Short descriptive text snippets:
=-=-=-=-=

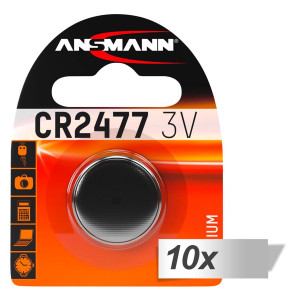 10x1 Ansmann CR 2477 487055-20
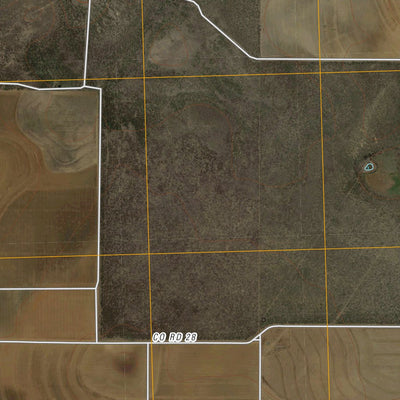 Tahoka SW, TX (2010, 24000-Scale) Preview 3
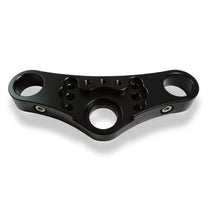 Te de fourche noir rebelmoto Scram pour BMW K et R . Blackpines.fr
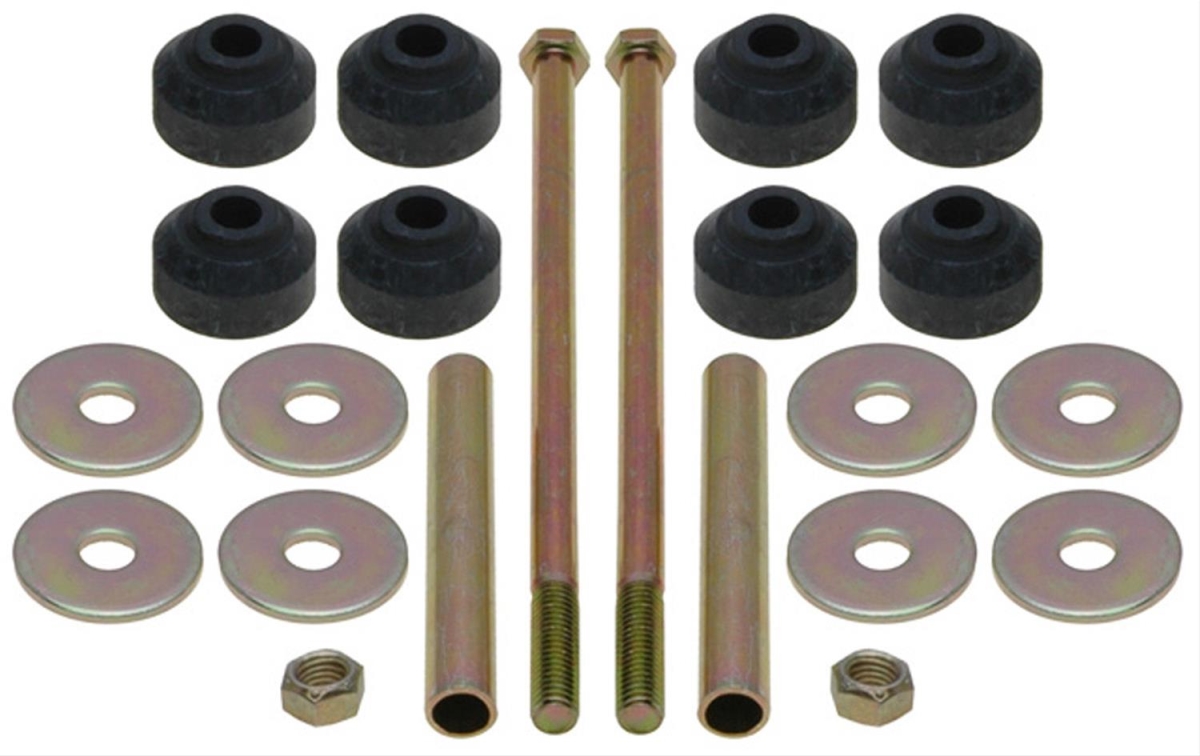 46G0250A Gold Suspension Stabilizer Bar Link Kits for 2002-2005 Ford Explorer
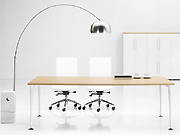 板式會議臺 MFC Conference Table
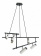 Подвесная люстра Maytoni Rami MOD128PL-06WB Подвесная люстра Maytoni Rami MOD128PL-06WB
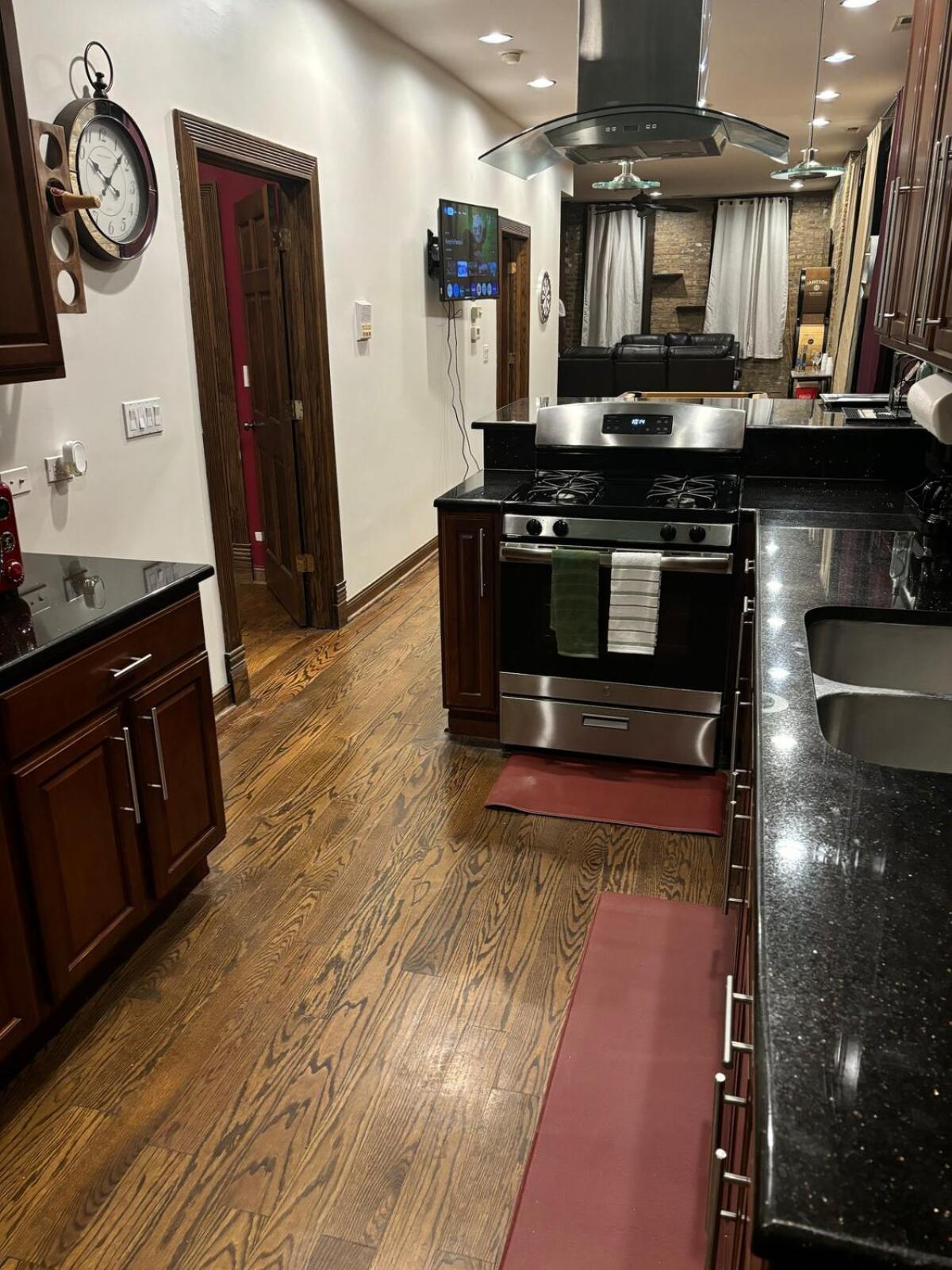 Wicker Park Loft Style Chicago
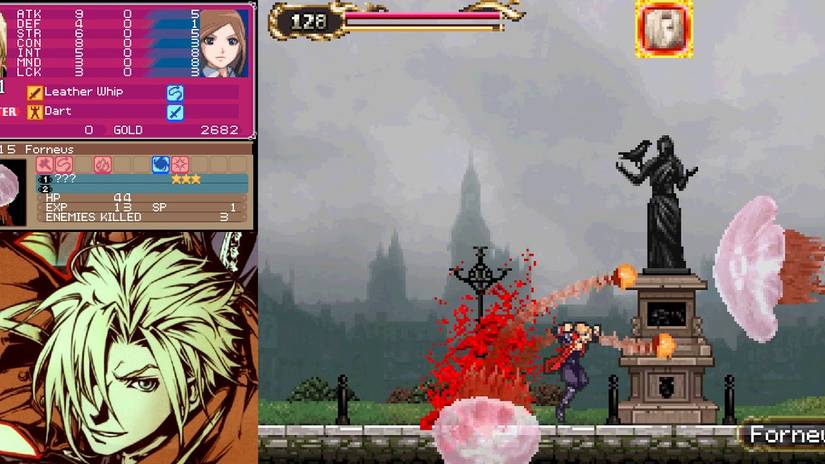 Valmanway Castlevania: The 10 Most Powerful Sub-Weapons, Ranked
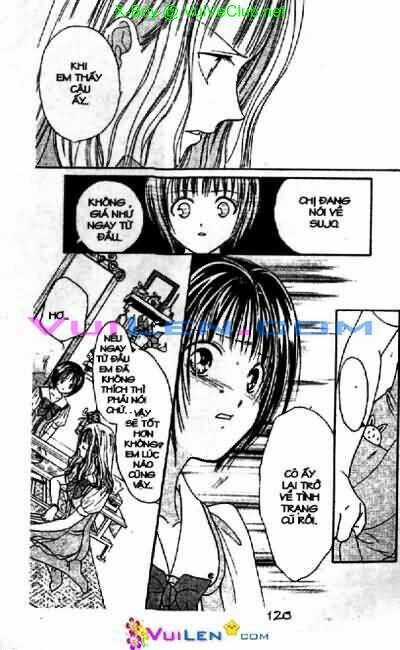 Cô Bé Alice Thầm Lặng - Chapter 1 - Trang 120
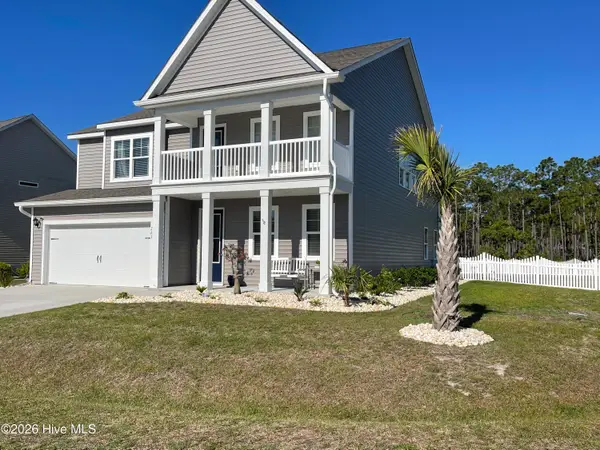 267 Salt Meadow Lane #Lot 60, Newport, NC 28570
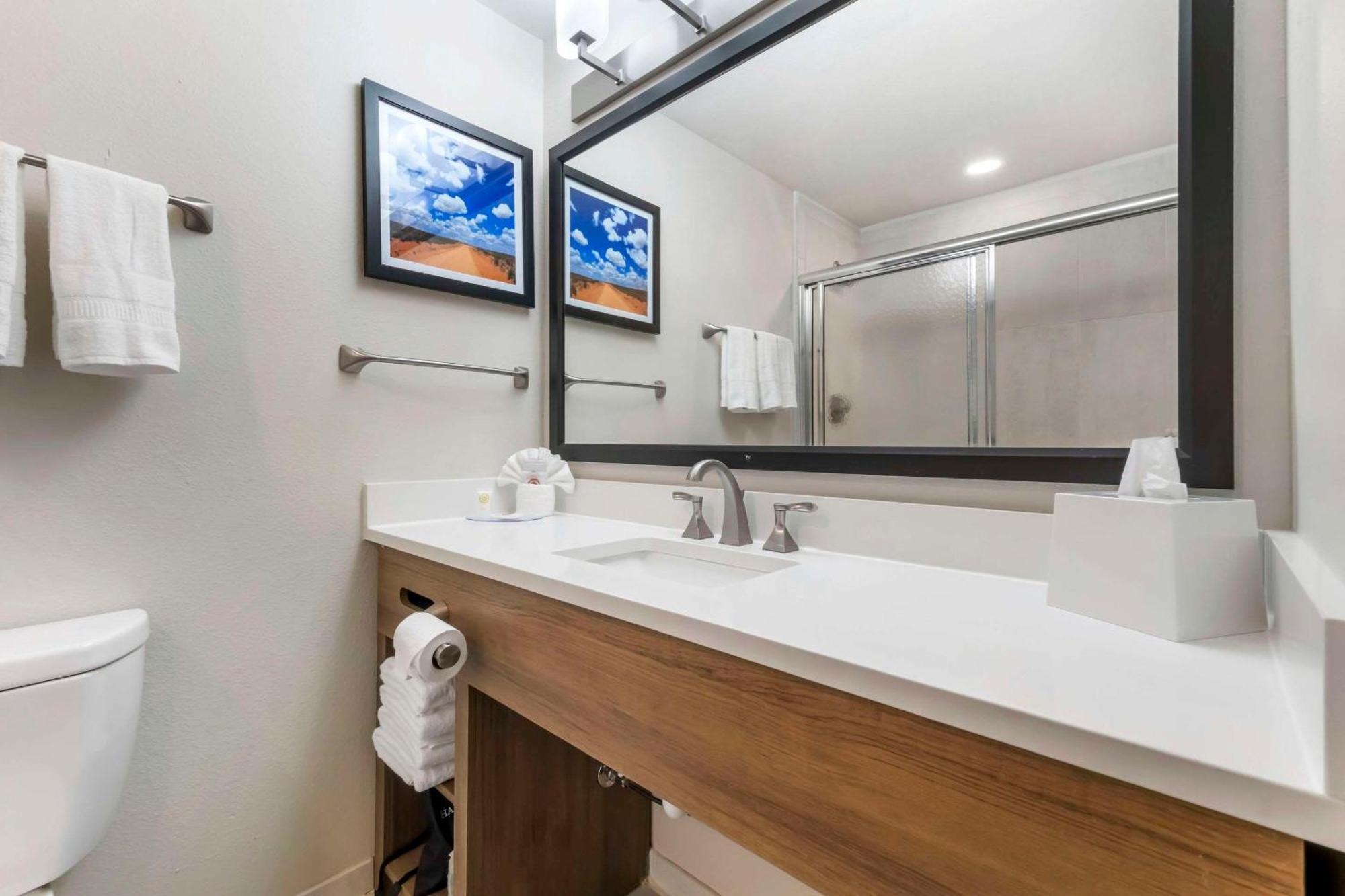 Comfort Inn Portales Kültér fotó
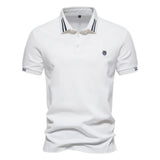OLIVER™ | SLOGOVNA MOŠKA POLO MAJICA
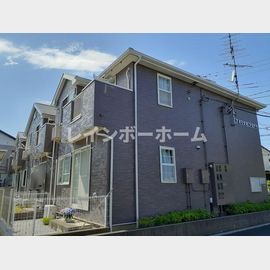 朝霞台駅より徒歩14分 築24年11ヶ月 2階建の賃貸物件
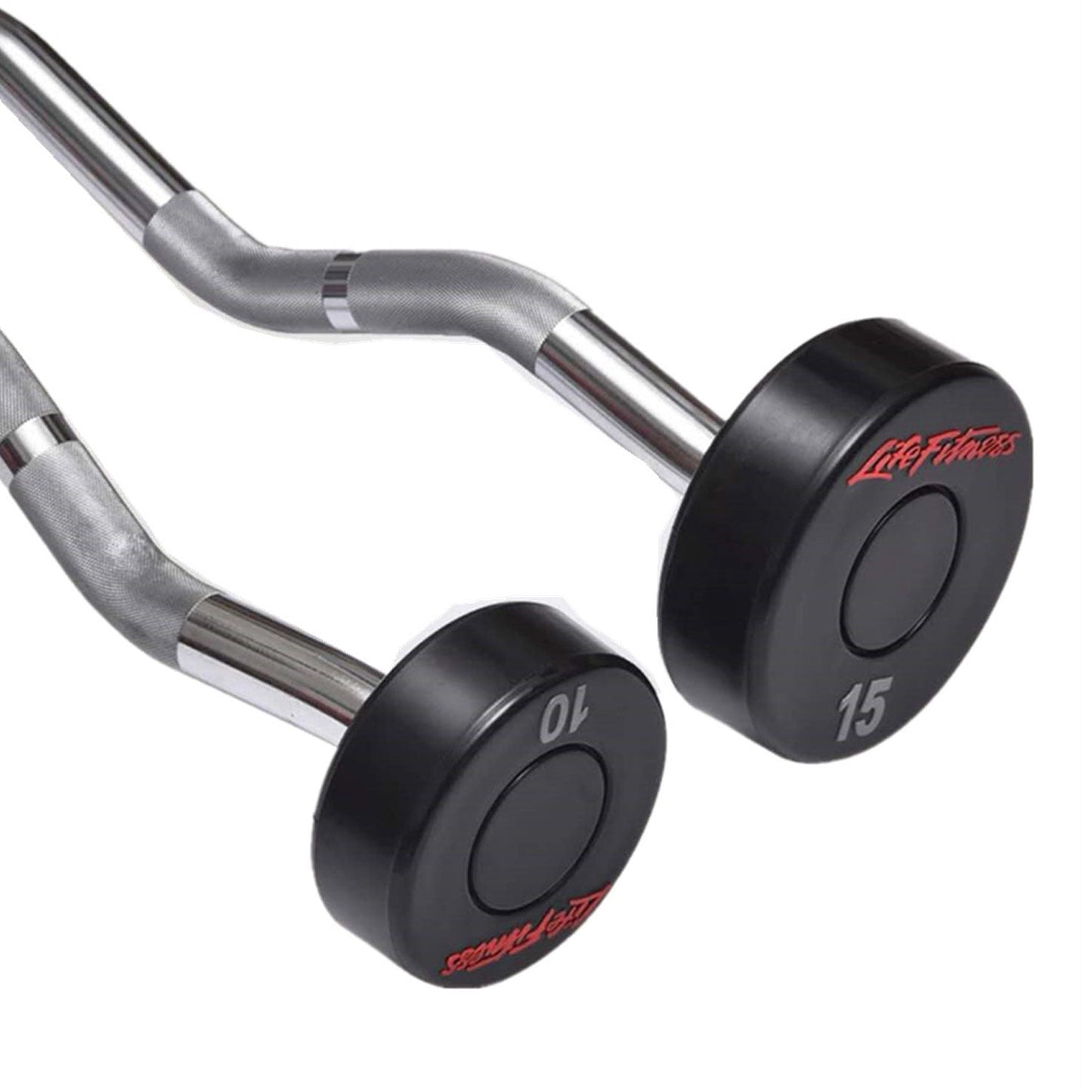 LIFE FITNESS - CURVE Barbell
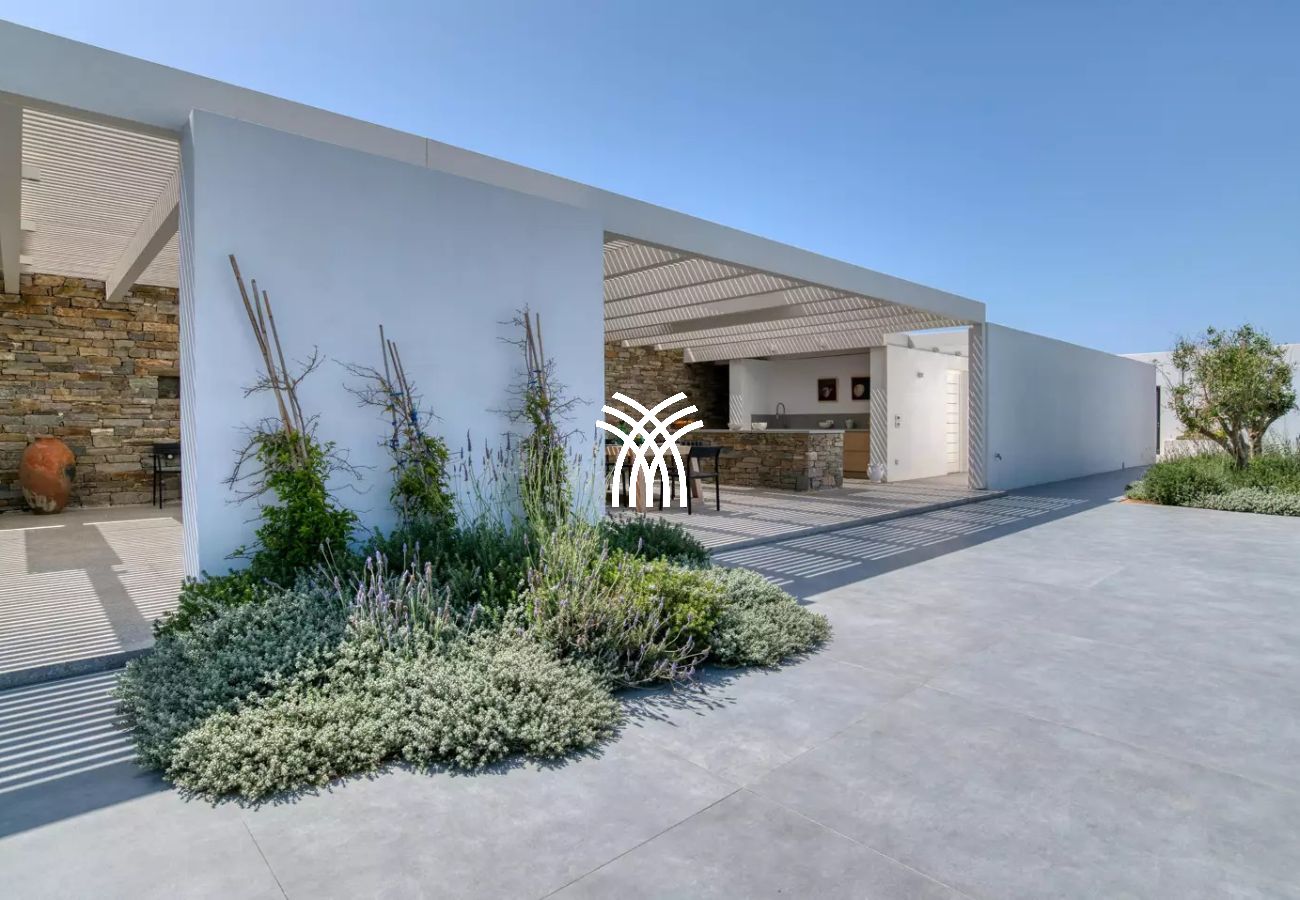 Villa in Parikia - Nissos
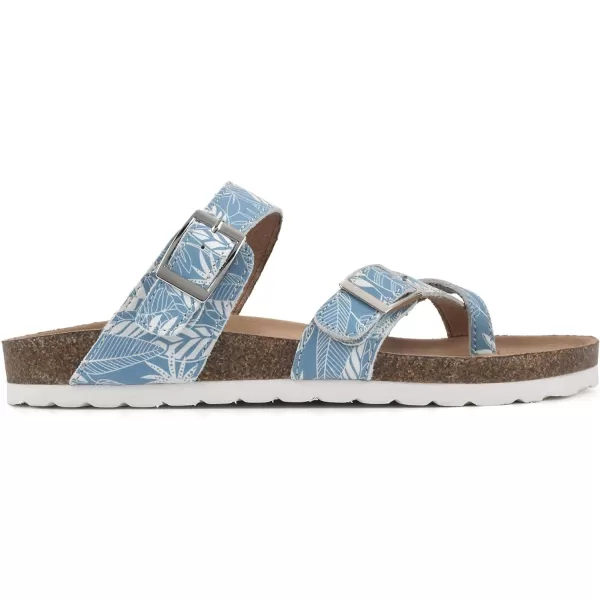 WHITE MOUNTAIN Women's Gracie Sandal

=-=-=-=-=

Instructions to follow
Only the lines from the one containing "板式會議臺 MFC Conference Table" through the last line of the entries above, both included, belong in the answer, written out exactly; pictures do not.

Result of this task
 板式會議臺 MFC Conference Table
 Подвесная люстра Maytoni Rami MOD128PL-06WB Подвесная люстра Maytoni Rami MOD128PL-06WB
 Wicker Park Loft Style Chicago
 Valmanway Castlevania: The 10 Most Powerful Sub-Weapons, Ranked
 Cô Bé Alice Thầm Lặng - Chapter 1 - Trang 120
 267 Salt Meadow Lane #Lot 60, Newport, NC 28570
 Comfort Inn Portales Kültér fotó
OLIVER™ | SLOGOVNA MOŠKA POLO MAJICA
 朝霞台駅より徒歩14分 築24年11ヶ月 2階建の賃貸物件
 LIFE FITNESS - CURVE Barbell
 Villa in Parikia - Nissos
 WHITE MOUNTAIN Women's Gracie Sandal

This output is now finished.